Funkcjonariusz wyjaśnia, że w sprawie przesłuchanych zostało już kilku świadków, trzeba ustalić, w jakim celu gaz został rozpylony, czy nie była to na przykład forma samoobrony.

- Z uwagi na święta nie mogliśmy podjąć niektórych czynności, dlatego właśnie dziś przeglądamy monitoring i docieramy do kolejnych świadków zdarzenia - wyjaśnia Damian Janus.

„Maska” wyjaśnia
Jak całe zdarzenie wygląda z perspektywy właścicieli klubu „Maska”, który oficjalnie przeprosił wszystkich uczestników imprezy na swoim profilu facebookowym?

- W okolicach godziny 2.30 dostałam informację od barmanów, że pani stojąca niedaleko baru użyła gazu łzawiącego i za chwilę czuć będzie go w całym lokalu - mówi menadżer „Maska” Incognito Club, Aleksandra Wiewióra.

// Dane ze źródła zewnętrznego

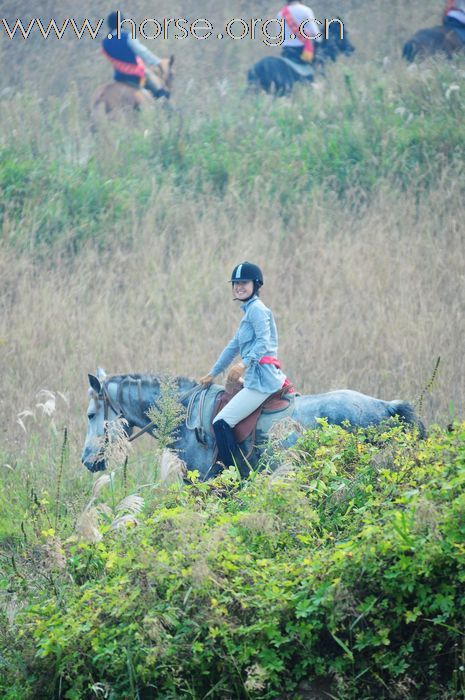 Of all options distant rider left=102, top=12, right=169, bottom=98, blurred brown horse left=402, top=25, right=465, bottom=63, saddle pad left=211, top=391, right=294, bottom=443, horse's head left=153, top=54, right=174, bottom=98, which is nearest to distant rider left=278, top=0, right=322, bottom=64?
blurred brown horse left=402, top=25, right=465, bottom=63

Wyjaśnia, że ochrona natychmiast podbiegła do kobiety i odebrała jej buteleczkę z gazem. - Szybko zaczęliśmy wietrzyć lokal i otworzyliśmy wszystkie drzwi na oścież, by ułatwić ewakuację gości - wyjaśnia Aleksandra Wiewióra.

Kobieta się „pomyliła”? Klub dołącza się do poszukiwań

Menadżer klubu wyjaśnia, że po całym zdarzeniu udało jej się porozmawiać z kobietą, która rozpyliła gaz.
- Powiedziała, że wydawało jej się, że jakiś mężczyzna stojący obok chce ją uderzyć. Potwierdziła jednak, że mężczyzna jej nie dotknął więc najwidoczniej były to tylko obawy - przyznaje Aleksandra Wiewióra. - Pouczyłam ją, że jeśli ktoś z gości znajdzie się w niekomfortowej sytuacji może w każdej chwili zgłosić sprawę do personelu. Nie może reagować sama. Niestety w lokalu było duże zamieszanie i kobieta wyszła. Nie zdążyliśmy poprosić jej o dane kontaktowe. Na szczęście zabezpieczyliśmy nagranie z monitoringu, gdzie dokładnie widać twarz kobiety, więc na pewno policji szybko uda się ją odnaleźć. My również dołączymy się do poszukiwań. Wierzymy, że za tak skrajnie nieodpowiedzialne i bezmyślne zachowanie kobieta zostanie surowo ukarana - mówi menadżer „Maski”.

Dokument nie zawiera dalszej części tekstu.